No one will debate the existence of a national achievement gap between white students and almost every other subgroup in America’s K-12 schools. But while we surely acknowledge the divide, it does not reflect the hundreds of thousands of exceptional students of color who go on to achieve great things. There are countless examples of people of color who have found success: among Silicon Valley’s finest innovators, as best-selling authors, as finance executives. But research has shown that our brightest black and brown students are seldom encouraged to become teachers and often have no desire to join the profession. Work hard, get good grades, graduate at the top of your class — to become a teacher?
A wealth of data reveals a lack of diversity in the teaching profession. Indeed, while people of color account for 36 percent of the American workforce, they make up only 17 percent of teachers. The majority of the workforce will be comprised by people of color by 2030, and students of color already outnumber their white peers. This lack of diversity in the teaching profession is troubling given the research showing the benefit of teachers of color on all students.
The consequences of a growing teacher-student diversity gap portend lower rates of academic success of students who do not look like the majority white, female teacher workforce. As a result, non-white students who perform at or beyond the level of their white peers too often seek out other professions where they can see themselves as successful, and where they will have a salary commensurate with their work, opportunities for professional growth and the respect of their communities, families and even former teachers.
Raising the standards for entering the teaching profession — making it a more desirable profession among high-achievers while simultaneously aiming to increase diversity — will yield the kind of teachers we need standing before students each day. And, as a recent report from the Center for American Progress notes, while some teacher preparation programs have moved the needle in increasing both selectivity and diversity in the teaching profession, more must be done to bring the teacher workforce in line with the student population.

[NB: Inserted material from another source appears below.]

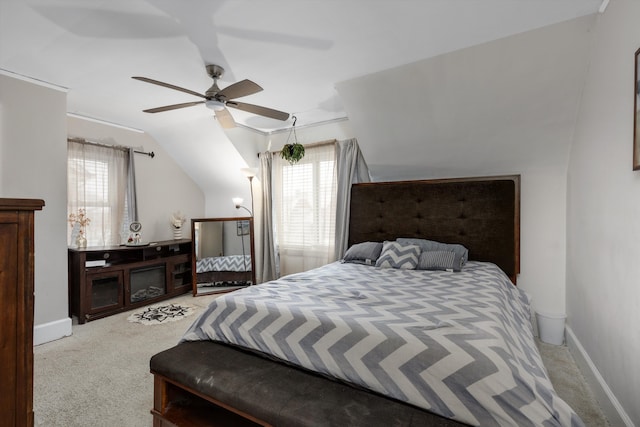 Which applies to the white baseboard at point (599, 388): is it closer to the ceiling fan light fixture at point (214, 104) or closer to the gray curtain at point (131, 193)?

From the halls of Congress to the halls of school buildings, education stakeholders have not done enough to market the teaching profession to high-achieving people of color, especially students. Too often, high-achieving people of color are not pursued by school districts to serve as teachers because they are deemed rare, off limits or even too talented. Even those who want to enter the field of education after studying their initial passion must jump through so many hoops — like additional coursework and expensive exams — just to become “certified,” they often feel that it is not worth it. There’s likely to be a significant decrease in pay with such a career change in addition to the 30 credits of required courses that result in more debt, but not a degree.
To be sure, every astute student of color is not meant to be a teacher. But there are more students of color today than ever before. If we do not make a concerted effort to make education an attractive career option for students, we will continue to see the gap between students and teachers of color grow, as it has done for the past six years — a trend that is detrimental to students and, thus, the American workforce.
To diversify the teaching profession while also increasing selectivity, state and district officials must do more to provide pathways for people of color into the teacher workforce, pay them like similarly educated professionals, support them through mentoring and induction, and offer them career growth opportunities. Teachers must also do their part to encourage their students to teach.
Maryland is no different than the majority of the country. With a 36 percent gap between students of color and teachers of color, we have a problem. Despite these statistics, I have had the opportunity to work with amazing teachers who excel in everything they do. Whether they chose education as a first, second, or third career, their goal, along with my own, is to make life better for someone else by ensuring that they receive the education they deserve.
Ultimately, it is our responsibility to provide the kind of education that creates opportunities for students, and students of color especially, to choose the college and career of their choice — and we should do everything in our power to ensure that teaching is at the top of their list.